> _Task objective_:
Exclude all pictures from your copy of the data below, which should otherwise match exactly.

> _Source material_:
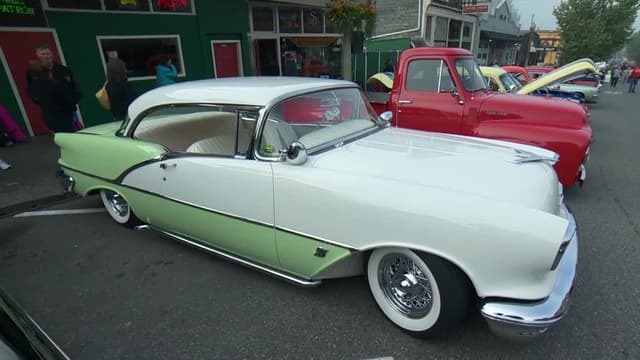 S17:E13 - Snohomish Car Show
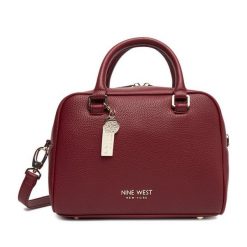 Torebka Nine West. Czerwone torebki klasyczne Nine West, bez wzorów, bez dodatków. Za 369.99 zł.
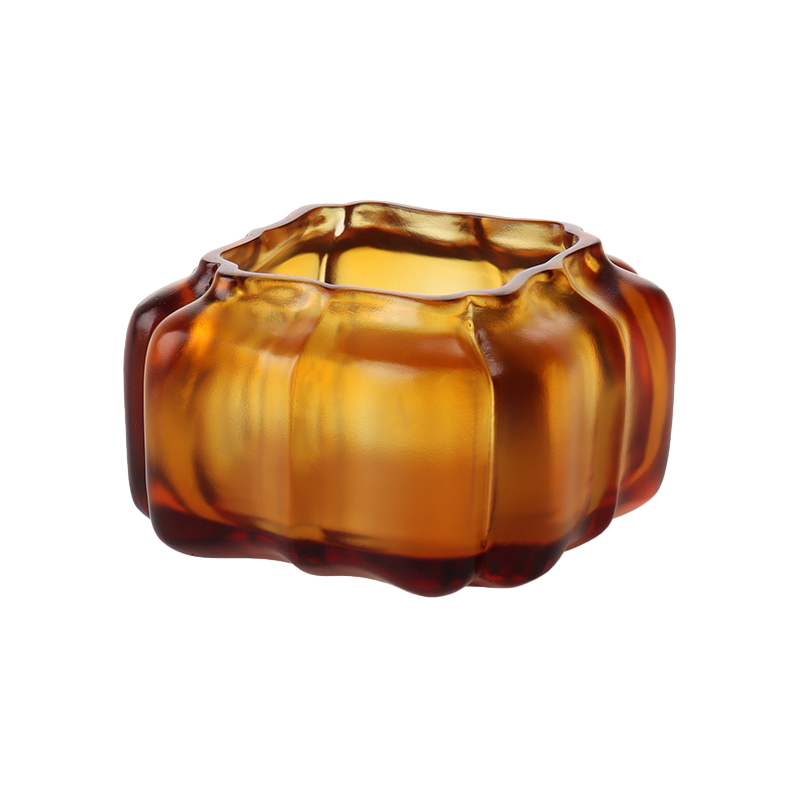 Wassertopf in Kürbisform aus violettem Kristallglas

> _Answer space_:
 S17:E13 - Snohomish Car Show
 Torebka Nine West. Czerwone torebki klasyczne Nine West, bez wzorów, bez dodatków. Za 369.99 zł.
 Wassertopf in Kürbisform aus violettem Kristallglas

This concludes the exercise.